In 1870, Britain was the world's richest economy, but by the late 1970s it had become the sick man of Europe.

Its ambassador to Paris was so concerned that he sent a confidential despatch to London entitled "Britain's decline" documenting the loss of influence since the days when Winston Churchill was able to speak to Josef Stalin and Harry Truman on relatively equal terms at the Potsdam Conference in 1945.

"Today we are not only no longer a world power but we are not in the first rank even as a European one," Nicholas Henderson wrote in the 1979 despatch.

"Our decline is shown not simply by the statistics but by the look of our towns, airports, hospitals, local amenities," he said.

After being forced to beg the International Monetary Fund for a bailout during the 1976 sterling crisis, the Labour government faced the strikes of the 1978-79 "winter of discontent" which left Britons struggling with piles of uncollected rubbish and even backlogs at mortuaries as grave diggers demanded higher wages.
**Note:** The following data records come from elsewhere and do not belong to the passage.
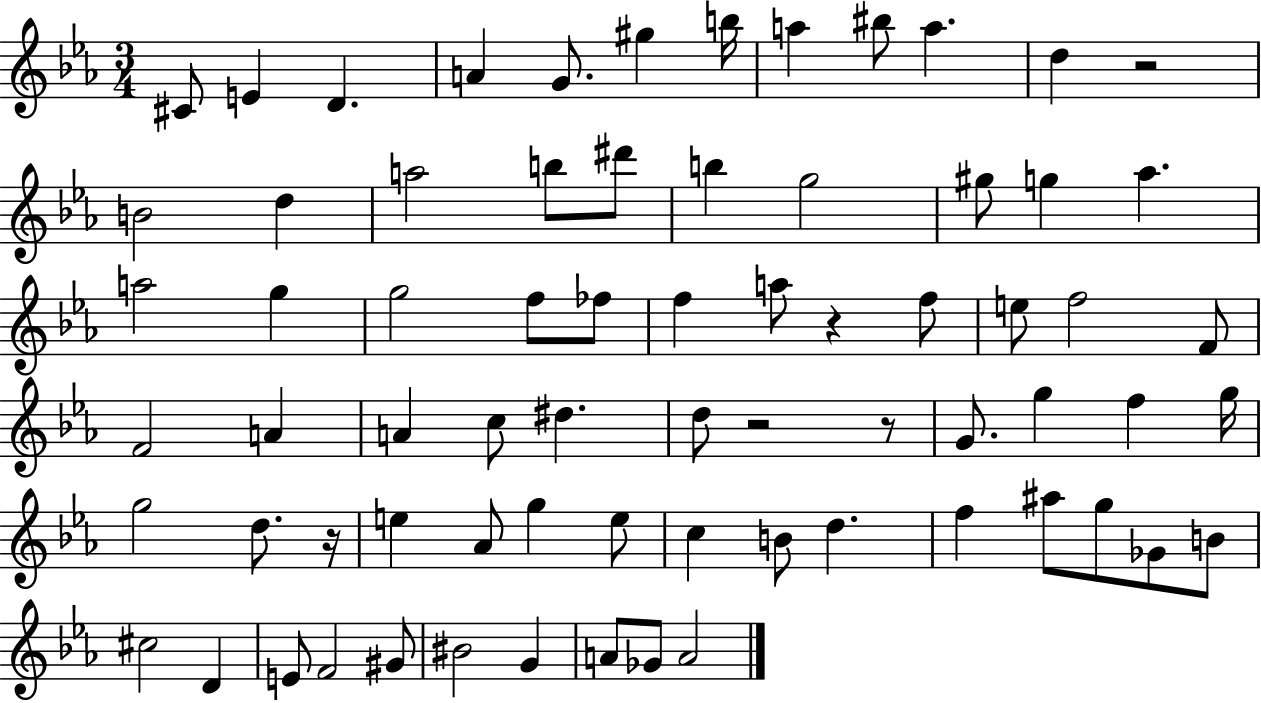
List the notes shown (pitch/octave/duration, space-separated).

C#4/e E4/q D4/q. A4/q G4/e. G#5/q B5/s A5/q BIS5/e A5/q. D5/q R/h B4/h D5/q A5/h B5/e D#6/e B5/q G5/h G#5/e G5/q Ab5/q. A5/h G5/q G5/h F5/e FES5/e F5/q A5/e R/q F5/e E5/e F5/h F4/e F4/h A4/q A4/q C5/e D#5/q. D5/e R/h R/e G4/e. G5/q F5/q G5/s G5/h D5/e. R/s E5/q Ab4/e G5/q E5/e C5/q B4/e D5/q. F5/q A#5/e G5/e Gb4/e B4/e C#5/h D4/q E4/e F4/h G#4/e BIS4/h G4/q A4/e Gb4/e A4/h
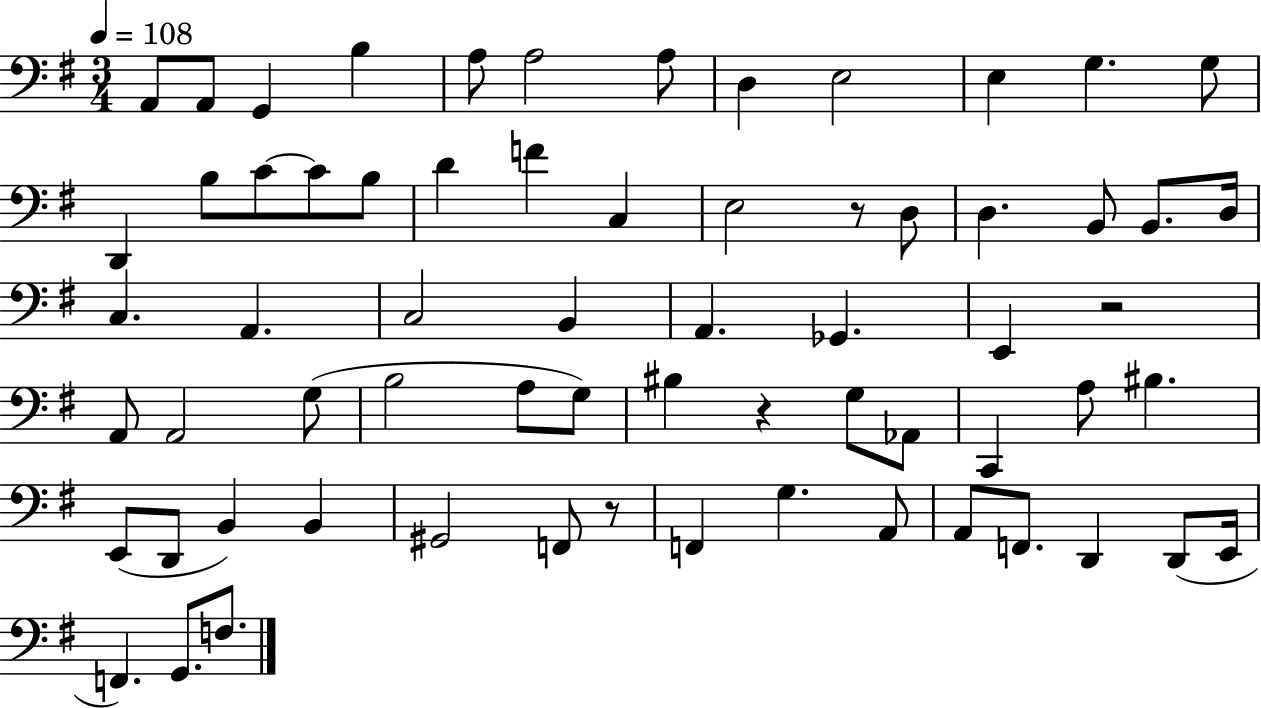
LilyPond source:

{
  \clef bass
  \numericTimeSignature
  \time 3/4
  \key g \major
  \tempo 4 = 108
  a,8 a,8 g,4 b4 | a8 a2 a8 | d4 e2 | e4 g4. g8 | \break d,4 b8 c'8~~ c'8 b8 | d'4 f'4 c4 | e2 r8 d8 | d4. b,8 b,8. d16 | \break c4. a,4. | c2 b,4 | a,4. ges,4. | e,4 r2 | \break a,8 a,2 g8( | b2 a8 g8) | bis4 r4 g8 aes,8 | c,4 a8 bis4. | \break e,8( d,8 b,4) b,4 | gis,2 f,8 r8 | f,4 g4. a,8 | a,8 f,8. d,4 d,8( e,16 | \break f,4.) g,8. f8. | \bar "|."
}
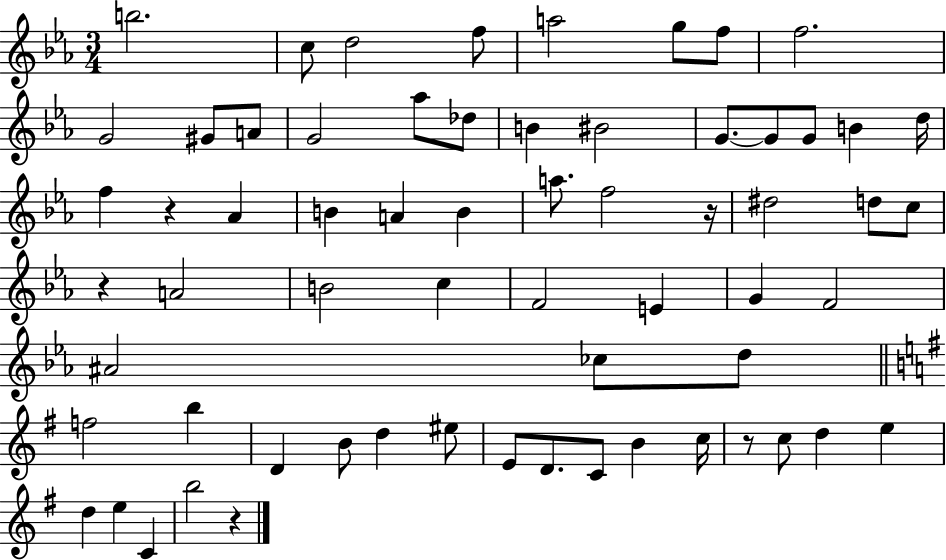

"Decline isn't good enough for Britain," Thatcher told a Conservative rally in the northern city of Newcastle on the eve of the 1979 election which brought her to power.

British gross domestic product per person was 40 percent lower than in the United States and even France and Germany were 10-15 percent ahead.

"If you look at the raw numbers, for 100 years Britain was in a relative decline compared to the United States, France and Germany so although we were improving our standard of living, relative to other countries we were falling further behind," said John Van Reenen, director of the Centre for Economic Performance at the London School of Economics.

Van Reenen, born in 1965, stood on the streets protesting against Thatcher when he was a student at Cambridge in the late 1980s, but said the data showed Thatcher had helped turn Britain round economically, albeit at a human cost.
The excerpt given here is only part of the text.